## Action item:
No pictures go into the copy. Write out exactly the lines below from the one containing "Cargador Digital Micro" through the one containing "Pelle sur chenille XCMG ZL50GN: photos 7".

## Supplied records:
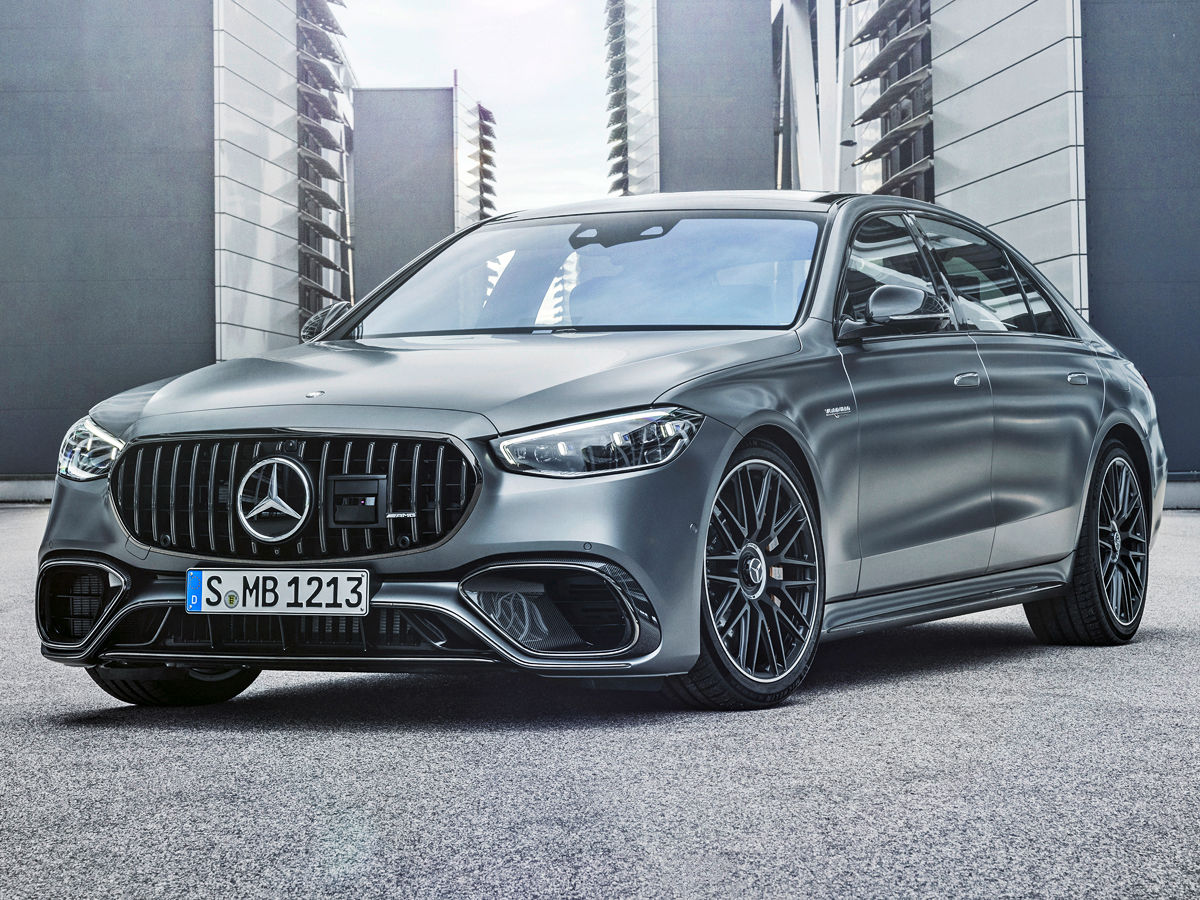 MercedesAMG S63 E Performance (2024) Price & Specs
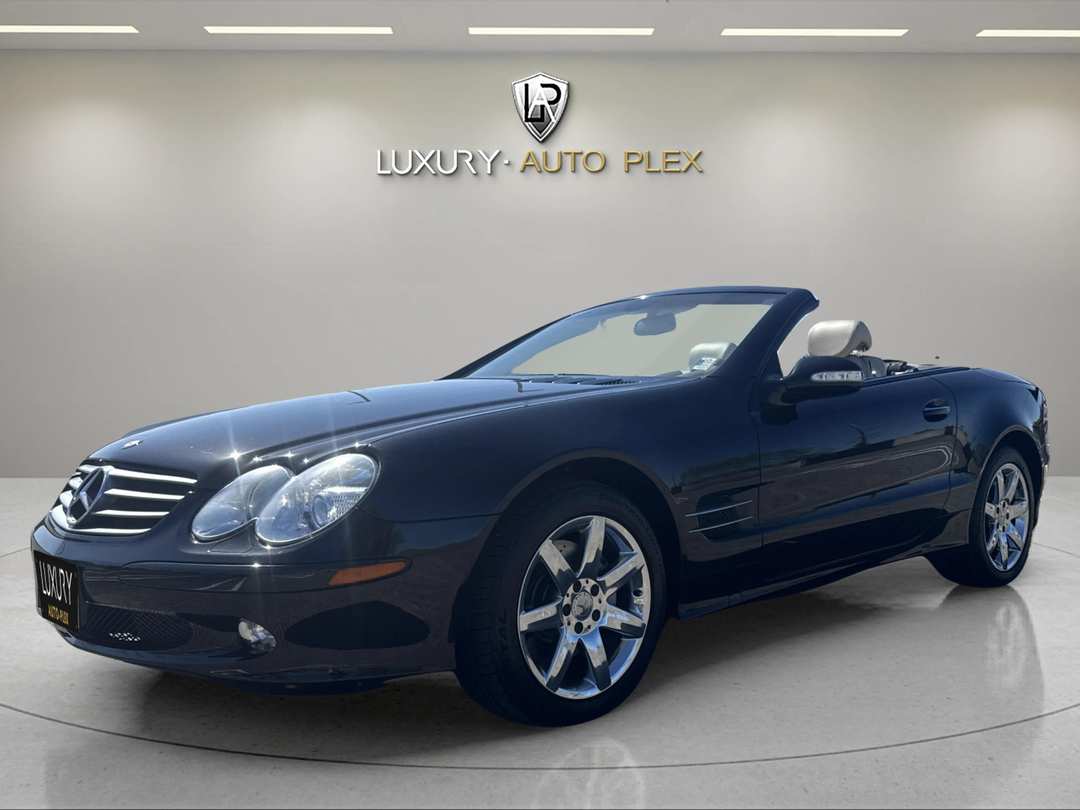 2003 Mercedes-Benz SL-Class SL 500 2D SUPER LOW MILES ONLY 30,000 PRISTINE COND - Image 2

* * *

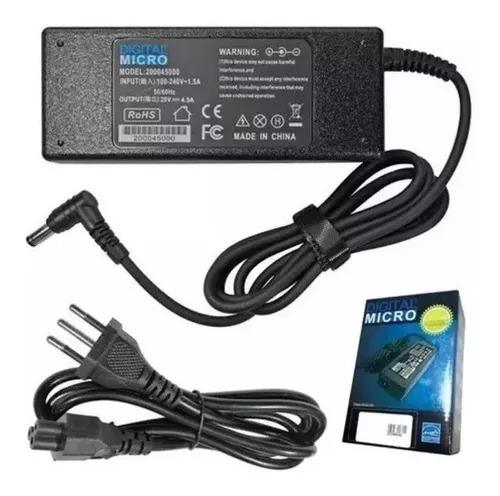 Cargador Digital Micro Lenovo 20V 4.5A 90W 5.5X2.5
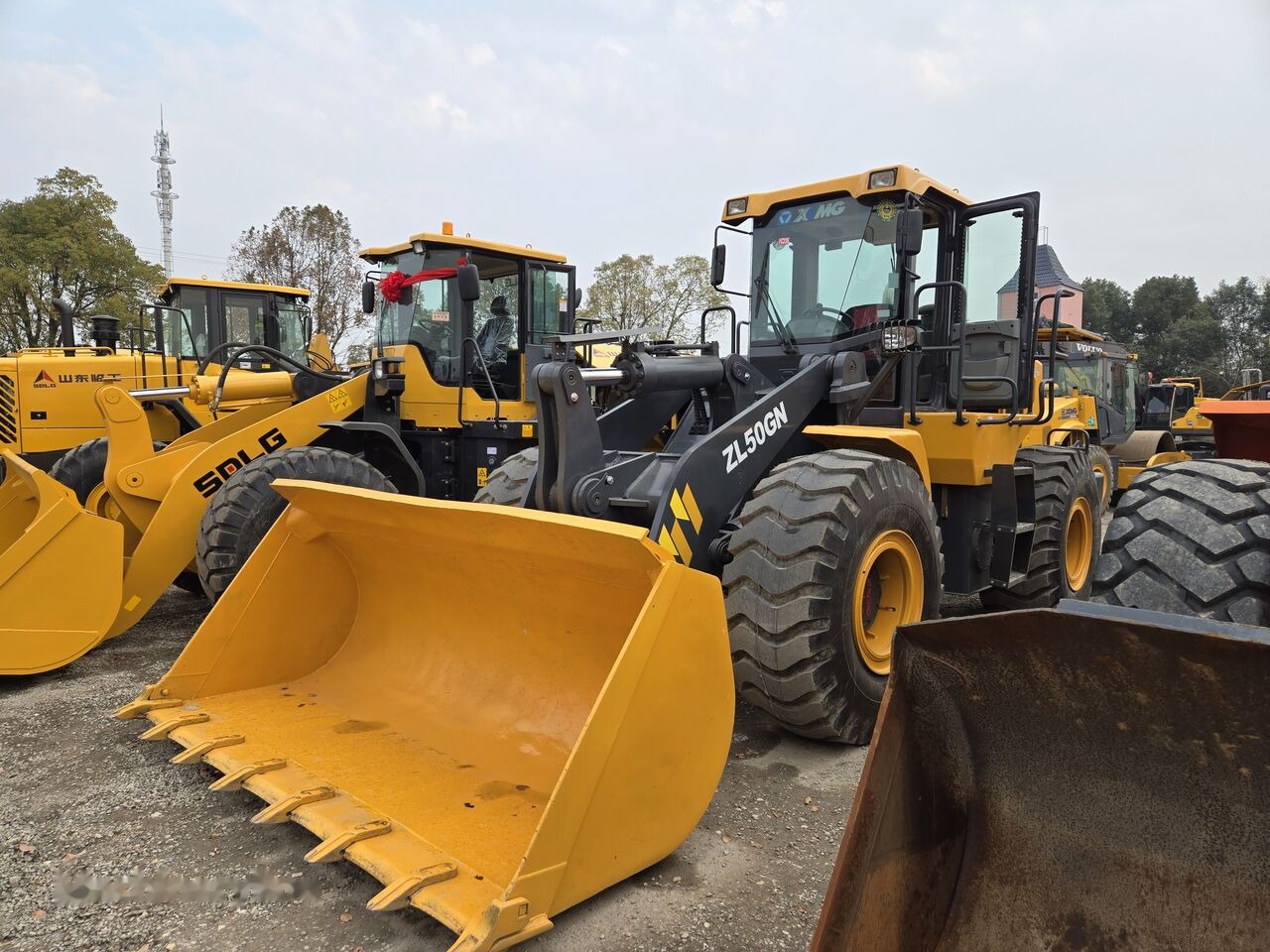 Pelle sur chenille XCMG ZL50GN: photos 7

## Result of this exercise:
 Cargador Digital Micro Lenovo 20V 4.5A 90W 5.5X2.5
 Pelle sur chenille XCMG ZL50GN: photos 7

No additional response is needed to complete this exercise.